We can easily make predictions under the NNGP model using the same ideas as above. Suppose we have a set of $k$ test input points $\mathbf{x}_1^\star, \dots, \mathbf{x}_K^\star$. Then simply using the conditional distribution for the multivariate normal, we can obtain the predictive mean:

\[\mu_k^\star = \mathbf{B}_{\mathbf{x}_k^\star} \mathbf{y}_{N(\mathbf{x}_k^\star)}.\]

Here, $\mathbf{B}_{\mathbf{x}_k^\star}$ is defined analogously to $\mathbf{B}_{\mathbf{x}_i}$ but using the neighbors of $\mathbf{x}_k^\star$ in the training data.

Let’s see a simple example. Here, let’s consider one-dimensional inputs for visual clarity.
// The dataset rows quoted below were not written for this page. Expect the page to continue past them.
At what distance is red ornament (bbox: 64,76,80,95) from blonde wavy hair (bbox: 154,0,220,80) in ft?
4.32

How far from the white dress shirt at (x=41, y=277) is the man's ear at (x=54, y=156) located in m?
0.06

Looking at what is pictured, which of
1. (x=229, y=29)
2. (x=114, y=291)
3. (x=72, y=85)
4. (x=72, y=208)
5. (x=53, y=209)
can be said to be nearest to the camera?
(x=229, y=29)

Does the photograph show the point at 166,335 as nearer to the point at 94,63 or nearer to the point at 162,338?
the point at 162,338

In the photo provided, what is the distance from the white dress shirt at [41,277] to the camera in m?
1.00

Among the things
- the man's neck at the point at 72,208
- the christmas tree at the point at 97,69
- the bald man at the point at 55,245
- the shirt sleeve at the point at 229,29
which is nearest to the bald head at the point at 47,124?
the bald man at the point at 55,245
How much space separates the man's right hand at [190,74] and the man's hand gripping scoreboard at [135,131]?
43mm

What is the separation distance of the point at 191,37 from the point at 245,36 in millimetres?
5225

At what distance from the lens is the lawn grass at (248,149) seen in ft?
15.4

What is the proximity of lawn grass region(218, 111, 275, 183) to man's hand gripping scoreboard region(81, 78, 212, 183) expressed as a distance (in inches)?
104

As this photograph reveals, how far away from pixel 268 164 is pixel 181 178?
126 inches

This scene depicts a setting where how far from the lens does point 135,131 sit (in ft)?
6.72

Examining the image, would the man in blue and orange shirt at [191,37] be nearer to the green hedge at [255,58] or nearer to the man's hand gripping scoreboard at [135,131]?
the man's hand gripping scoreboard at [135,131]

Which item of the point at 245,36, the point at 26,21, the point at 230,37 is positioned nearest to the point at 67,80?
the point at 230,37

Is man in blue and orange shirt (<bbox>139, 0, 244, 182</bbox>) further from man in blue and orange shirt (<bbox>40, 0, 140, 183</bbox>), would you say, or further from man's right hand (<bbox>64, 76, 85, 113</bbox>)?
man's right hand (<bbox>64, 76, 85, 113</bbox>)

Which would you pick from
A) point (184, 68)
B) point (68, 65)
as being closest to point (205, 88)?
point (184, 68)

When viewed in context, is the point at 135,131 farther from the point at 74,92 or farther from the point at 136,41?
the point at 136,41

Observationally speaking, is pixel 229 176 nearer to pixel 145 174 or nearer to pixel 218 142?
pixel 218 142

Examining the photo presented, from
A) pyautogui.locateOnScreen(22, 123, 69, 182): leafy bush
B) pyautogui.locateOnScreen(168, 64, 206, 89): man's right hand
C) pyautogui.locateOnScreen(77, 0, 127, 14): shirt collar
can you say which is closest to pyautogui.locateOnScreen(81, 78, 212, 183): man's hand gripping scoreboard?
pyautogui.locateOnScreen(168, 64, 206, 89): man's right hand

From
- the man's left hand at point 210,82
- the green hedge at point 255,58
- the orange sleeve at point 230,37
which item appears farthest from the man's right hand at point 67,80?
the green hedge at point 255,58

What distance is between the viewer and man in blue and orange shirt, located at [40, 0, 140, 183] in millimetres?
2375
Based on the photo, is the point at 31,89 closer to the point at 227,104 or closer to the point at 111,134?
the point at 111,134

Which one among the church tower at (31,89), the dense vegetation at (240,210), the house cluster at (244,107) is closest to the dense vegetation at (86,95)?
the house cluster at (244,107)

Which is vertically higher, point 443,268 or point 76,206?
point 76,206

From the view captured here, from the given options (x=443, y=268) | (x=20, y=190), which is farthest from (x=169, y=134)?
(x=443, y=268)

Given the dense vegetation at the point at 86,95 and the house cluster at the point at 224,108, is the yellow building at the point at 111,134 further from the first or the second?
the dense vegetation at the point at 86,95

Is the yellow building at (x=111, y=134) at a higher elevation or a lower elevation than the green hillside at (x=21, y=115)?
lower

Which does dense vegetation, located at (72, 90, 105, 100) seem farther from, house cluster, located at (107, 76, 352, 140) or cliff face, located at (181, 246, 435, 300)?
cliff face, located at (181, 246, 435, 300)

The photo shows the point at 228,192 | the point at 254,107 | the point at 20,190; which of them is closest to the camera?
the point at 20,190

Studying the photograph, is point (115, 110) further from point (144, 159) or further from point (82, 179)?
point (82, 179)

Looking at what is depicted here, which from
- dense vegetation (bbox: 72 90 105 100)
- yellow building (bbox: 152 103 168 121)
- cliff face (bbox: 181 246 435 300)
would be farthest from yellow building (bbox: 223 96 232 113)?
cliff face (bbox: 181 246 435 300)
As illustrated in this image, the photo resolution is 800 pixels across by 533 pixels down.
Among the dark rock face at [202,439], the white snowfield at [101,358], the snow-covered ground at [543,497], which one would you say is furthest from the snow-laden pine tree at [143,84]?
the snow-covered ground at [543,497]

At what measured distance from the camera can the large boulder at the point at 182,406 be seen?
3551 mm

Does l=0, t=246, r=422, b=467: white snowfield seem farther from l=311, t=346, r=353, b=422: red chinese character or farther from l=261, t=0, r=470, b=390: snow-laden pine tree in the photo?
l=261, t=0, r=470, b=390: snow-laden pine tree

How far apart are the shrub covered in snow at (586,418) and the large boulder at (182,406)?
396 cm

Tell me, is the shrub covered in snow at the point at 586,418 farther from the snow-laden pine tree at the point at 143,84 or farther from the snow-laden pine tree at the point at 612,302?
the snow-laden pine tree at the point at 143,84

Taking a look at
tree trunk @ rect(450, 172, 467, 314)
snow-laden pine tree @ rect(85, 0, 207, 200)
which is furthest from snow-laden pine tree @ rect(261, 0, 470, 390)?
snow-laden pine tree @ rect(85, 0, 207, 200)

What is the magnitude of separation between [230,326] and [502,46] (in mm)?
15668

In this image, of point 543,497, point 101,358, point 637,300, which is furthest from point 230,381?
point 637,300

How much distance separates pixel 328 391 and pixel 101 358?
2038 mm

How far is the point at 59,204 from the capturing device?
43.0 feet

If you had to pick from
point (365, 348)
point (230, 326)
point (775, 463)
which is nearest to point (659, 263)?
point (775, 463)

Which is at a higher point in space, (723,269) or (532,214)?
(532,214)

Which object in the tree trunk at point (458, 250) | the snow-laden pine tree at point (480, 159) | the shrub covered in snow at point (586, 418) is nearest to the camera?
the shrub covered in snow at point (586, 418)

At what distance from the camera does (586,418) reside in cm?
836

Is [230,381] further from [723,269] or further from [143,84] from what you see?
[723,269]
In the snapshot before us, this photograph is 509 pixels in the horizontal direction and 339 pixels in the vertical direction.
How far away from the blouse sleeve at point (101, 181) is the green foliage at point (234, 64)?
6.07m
Below, we plot the predictions from the NNGP with $m=10$ in red, and the predictions from a full GP in green. The data is are the black points.

We can see that, although the NNGP predictions deviate from the full GP in some places, they are overall quite similar. We can also examine what happens as we vary the number of neighbors $m$ (as indicated in the title of each plot).
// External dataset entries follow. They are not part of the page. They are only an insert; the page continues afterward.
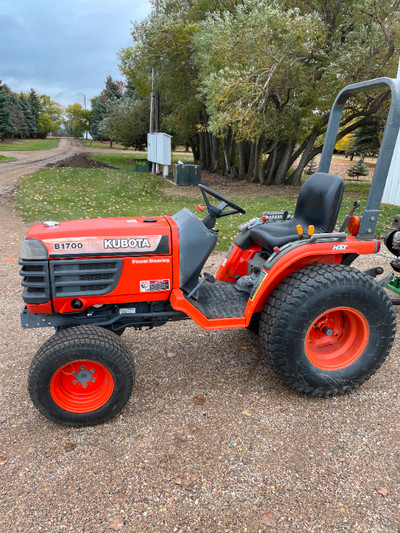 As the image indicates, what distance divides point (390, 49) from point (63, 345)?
12.0m

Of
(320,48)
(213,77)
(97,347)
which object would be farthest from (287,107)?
(97,347)

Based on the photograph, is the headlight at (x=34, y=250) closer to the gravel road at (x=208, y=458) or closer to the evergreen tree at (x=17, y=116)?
the gravel road at (x=208, y=458)

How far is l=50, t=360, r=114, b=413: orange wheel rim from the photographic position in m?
2.49

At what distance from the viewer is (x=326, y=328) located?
2.85 metres

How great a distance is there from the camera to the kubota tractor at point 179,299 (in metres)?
2.42

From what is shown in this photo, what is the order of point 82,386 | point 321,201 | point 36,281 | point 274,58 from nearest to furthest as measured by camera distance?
point 36,281, point 82,386, point 321,201, point 274,58

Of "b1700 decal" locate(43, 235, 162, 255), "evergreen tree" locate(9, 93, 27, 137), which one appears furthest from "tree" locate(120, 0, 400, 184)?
"evergreen tree" locate(9, 93, 27, 137)

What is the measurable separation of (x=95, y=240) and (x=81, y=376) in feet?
2.96

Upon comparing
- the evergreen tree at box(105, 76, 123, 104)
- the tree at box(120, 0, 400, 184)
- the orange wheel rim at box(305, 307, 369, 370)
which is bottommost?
the orange wheel rim at box(305, 307, 369, 370)

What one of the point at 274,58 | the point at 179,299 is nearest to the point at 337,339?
the point at 179,299

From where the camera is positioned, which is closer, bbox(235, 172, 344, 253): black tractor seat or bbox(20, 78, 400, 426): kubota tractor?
bbox(20, 78, 400, 426): kubota tractor

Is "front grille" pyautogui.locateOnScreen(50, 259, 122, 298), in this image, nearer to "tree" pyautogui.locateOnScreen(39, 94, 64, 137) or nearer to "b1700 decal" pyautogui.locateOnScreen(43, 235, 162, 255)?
"b1700 decal" pyautogui.locateOnScreen(43, 235, 162, 255)

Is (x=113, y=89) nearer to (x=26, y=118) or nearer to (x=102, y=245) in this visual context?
(x=26, y=118)

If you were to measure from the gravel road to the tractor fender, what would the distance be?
71 centimetres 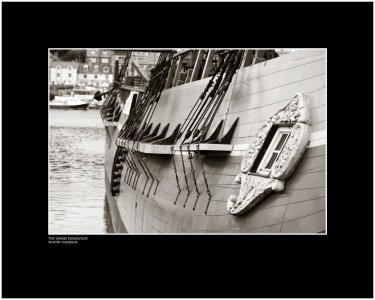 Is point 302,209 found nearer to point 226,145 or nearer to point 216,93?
point 226,145

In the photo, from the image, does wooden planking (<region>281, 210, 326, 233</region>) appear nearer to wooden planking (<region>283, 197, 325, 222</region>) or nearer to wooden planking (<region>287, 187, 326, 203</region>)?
wooden planking (<region>283, 197, 325, 222</region>)

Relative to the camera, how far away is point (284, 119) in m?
4.68

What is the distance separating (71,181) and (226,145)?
2.60m

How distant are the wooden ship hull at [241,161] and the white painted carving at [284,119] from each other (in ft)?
0.18

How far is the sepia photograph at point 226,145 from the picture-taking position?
184 inches

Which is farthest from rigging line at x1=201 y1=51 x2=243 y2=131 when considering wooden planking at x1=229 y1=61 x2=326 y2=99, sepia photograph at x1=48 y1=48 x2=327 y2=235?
wooden planking at x1=229 y1=61 x2=326 y2=99

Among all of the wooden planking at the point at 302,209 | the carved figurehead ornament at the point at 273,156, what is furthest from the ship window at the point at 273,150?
the wooden planking at the point at 302,209

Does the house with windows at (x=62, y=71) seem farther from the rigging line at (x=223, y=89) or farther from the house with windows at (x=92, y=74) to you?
the rigging line at (x=223, y=89)

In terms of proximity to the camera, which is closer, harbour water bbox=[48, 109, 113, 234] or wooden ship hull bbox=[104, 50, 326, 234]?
wooden ship hull bbox=[104, 50, 326, 234]

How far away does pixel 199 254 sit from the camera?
5270mm

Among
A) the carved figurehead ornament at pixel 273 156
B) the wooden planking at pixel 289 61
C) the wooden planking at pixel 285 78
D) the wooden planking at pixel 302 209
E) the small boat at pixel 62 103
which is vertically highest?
the wooden planking at pixel 289 61

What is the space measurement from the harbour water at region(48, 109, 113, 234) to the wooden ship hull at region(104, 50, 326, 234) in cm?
76

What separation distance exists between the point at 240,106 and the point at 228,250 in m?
1.04

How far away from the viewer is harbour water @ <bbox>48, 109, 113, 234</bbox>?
5699mm
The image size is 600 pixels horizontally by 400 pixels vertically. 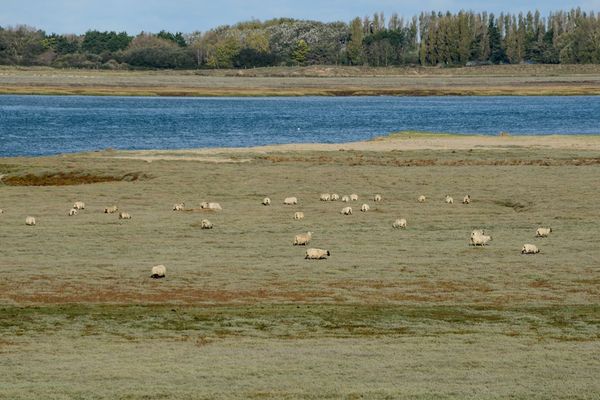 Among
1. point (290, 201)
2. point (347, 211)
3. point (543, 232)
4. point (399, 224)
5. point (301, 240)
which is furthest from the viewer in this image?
point (290, 201)

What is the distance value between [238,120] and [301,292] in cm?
9274

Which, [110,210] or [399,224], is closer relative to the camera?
[399,224]

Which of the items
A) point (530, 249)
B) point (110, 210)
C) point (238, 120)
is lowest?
point (238, 120)

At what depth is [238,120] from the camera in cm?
11556

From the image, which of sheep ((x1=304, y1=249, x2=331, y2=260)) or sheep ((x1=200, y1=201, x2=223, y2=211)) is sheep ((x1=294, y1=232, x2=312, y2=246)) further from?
sheep ((x1=200, y1=201, x2=223, y2=211))

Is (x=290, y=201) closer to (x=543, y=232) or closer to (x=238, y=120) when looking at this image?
(x=543, y=232)

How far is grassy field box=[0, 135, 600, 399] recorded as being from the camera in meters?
16.7

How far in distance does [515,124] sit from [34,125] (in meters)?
43.9

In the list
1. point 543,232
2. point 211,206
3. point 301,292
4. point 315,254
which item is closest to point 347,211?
point 211,206

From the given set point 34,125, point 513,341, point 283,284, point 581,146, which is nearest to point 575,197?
point 283,284

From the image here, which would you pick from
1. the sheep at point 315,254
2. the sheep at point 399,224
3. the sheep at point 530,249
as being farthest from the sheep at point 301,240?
the sheep at point 530,249

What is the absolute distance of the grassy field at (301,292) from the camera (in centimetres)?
1669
*Predictions from an NNGP and a GP with varying numbers of neighbors $m$.*

As we might expect, when there is only $1$ neighbor for each point, the predictions essentially predict the value of the neighbor itself.

Code

Code for the simulations above can be found in this GitHub repository. Note that the code here is only meant for simple demonstrations, and more robust NNGP codebases should be used for real applications.

References

Datta, Abhirup, et al. “Hierarchical nearest-neighbor Gaussian process models for large geostatistical datasets.” Journal of the American Statistical Association 111.514 (2016): 800-812.
Vecchia, Aldo V. “Estimation and model identification for continuous spatial processes.” Journal of the Royal Statistical Society: Series B (Methodological) 50.2 (1988): 297-312.
Lu Zhang’s blog post on NNGPs in Stan.